All Krugman All the Time. Paul Krugman in today's column: "... compassion is out of fashion — indeed, lack of compassion has become a matter of principle, at least among the G.O.P.’s base. And what this means is that modern conservatism is actually a deeply radical movement, one that is hostile to the kind of society we’ve had for the past three generations — that is, a society that, acting through the government, tries to mitigate some of the 'common hazards of life' through such programs as Social Security, unemployment insurance, Medicare and Medicaid." ...

... I've added a Krugman page to Off Times Square. Karen Garcia, Akhilleus & I have posted comments. ...

... More on the U.S. Census poverty report from the first Nobel Laureate below (and above): "It ... documents the ways in which safety-net programs have at least mitigated that damage — notably, uninsurance among children has actually fallen thanks to SCHIP and Medicaid, unemployment insurance has literally kept millions above the poverty line, and the early features of the Affordable Care Act.... But what struck me is [that] many measures of pain were rising right through the 'Bush boom', and have merely continued that rise." ...

Stephen Colbert interviews some Nobel Laureates:

"Steve Jobs is Esther Williams":

** Anthony McCartney of the AP: "A new book offering an insider's account of the White House's response to the financial crisis says that U.S. Treasury Secretary Tim Geithner ignored an order from President Barack Obama calling for reconstruction of major banks. According to Pulitzer Prize-winning author Ron Suskind, the incident is just one of several in which Obama struggled with a divided group of advisers.... The book states Geithner and the Treasury Department ignored a March 2009 order [from Obama] to consider dissolving banking giant Citigroup while continuing stress tests on banks, which were burdened with toxic mortgage assets. In the book, Obama does not deny Suskind's account, but does not reveal what he told Geithner when he found out. "Agitated may be too strong a word," Suskind quotes Obama as saying." Thanks to reader Bob M. for the link. ...

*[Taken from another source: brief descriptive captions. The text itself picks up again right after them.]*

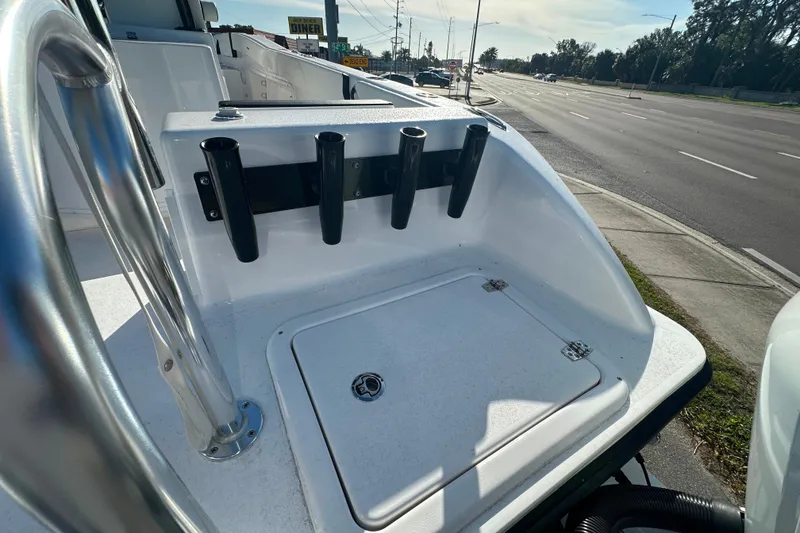 Slide: The Image of 2026 Twin Vee 260 GFX2 CC boat deck with rod holders and storage compartment. - 6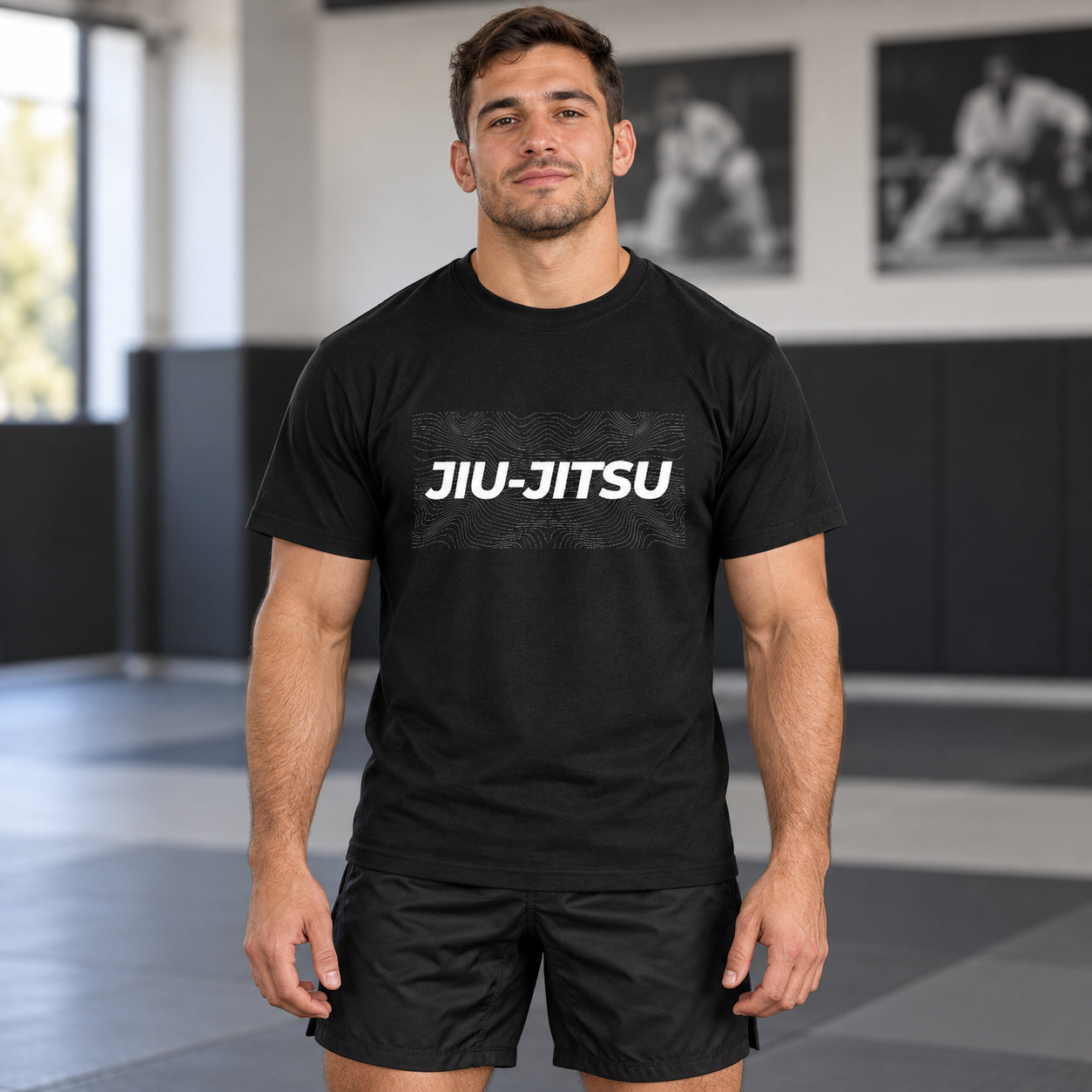 A man wearing a black short-sleeve t-shirt with 'JIU-JITSU' printed in white across the chest, standing in a gym with black mats and framed black-and-white photos on the wall.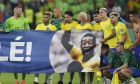 Brazil's players shows a banner in support of Brazilian soccer legend Pele at the end of the World Cup round of 16 soccer match between Brazil and South Korea, at the Stadium 974 in Doha, Qatar, Monday, Dec. 5, 2022. (AP Photo/Andre Penner)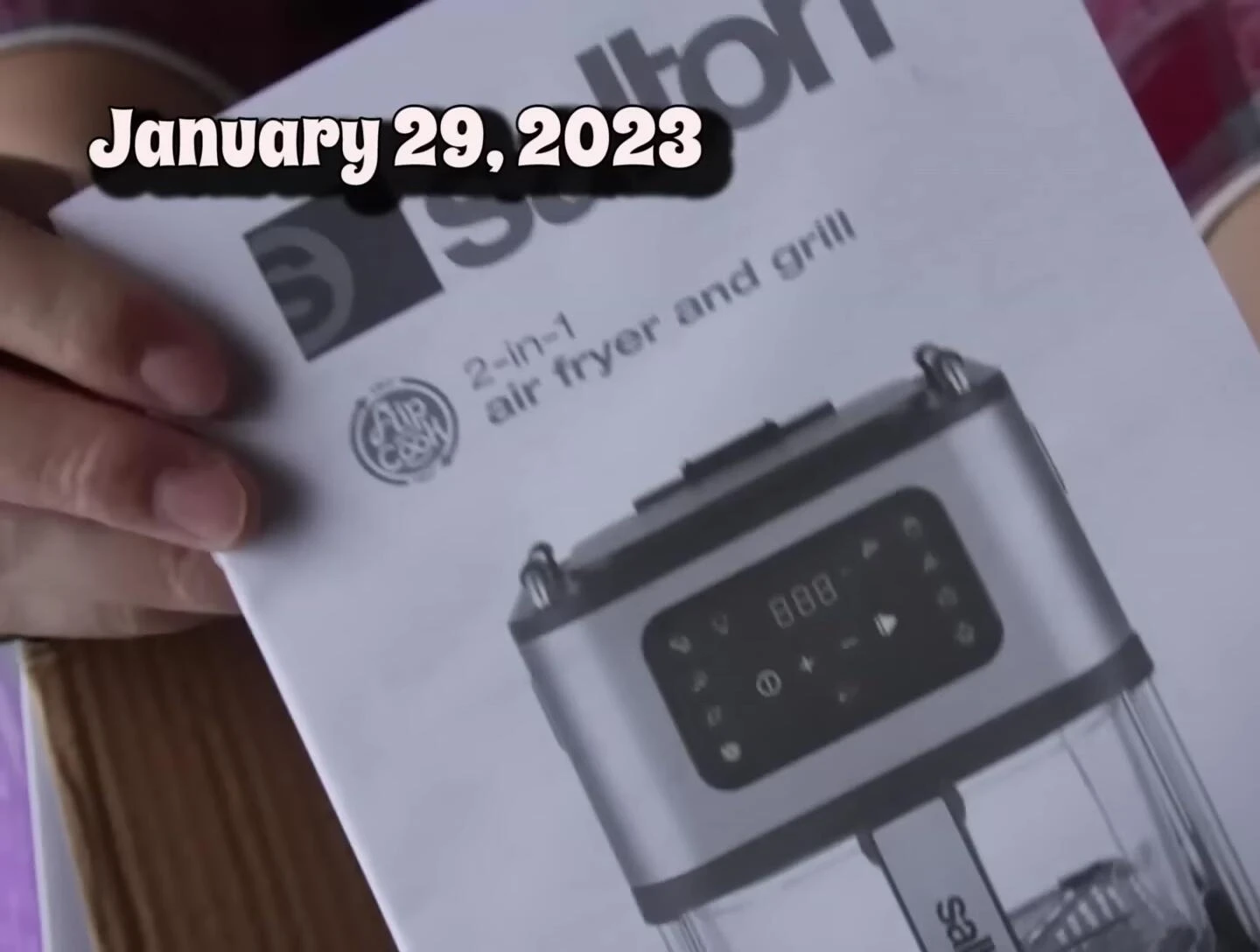 Close-up of the Salton air fryer box being opened.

... Mark Landler of the New York Times: "A new book claims that President Obama’s response to the economic crisis was hampered by a White House economic staff plagued by internal rivalries, a domineering chief adviser and a Treasury secretary who dragged his feet on enforcing decisions with which he disagreed. The book, by Ron Suskind..., quotes White House documents that say Mr. Obama’s decisions were routinely 're-litigated' by ... Lawrence H. Summers.... In this rough-and-tumble environment, the book reports, female staff members often felt bruised. At a dinner with Mr. Obama in November 2009, several top female aides — including Anita Dunn, who was the communications director, and Christina Romer, the chairwoman of the Council of Economic Advisers — told the president about being talked over in meetings by male colleagues or cut out altogether."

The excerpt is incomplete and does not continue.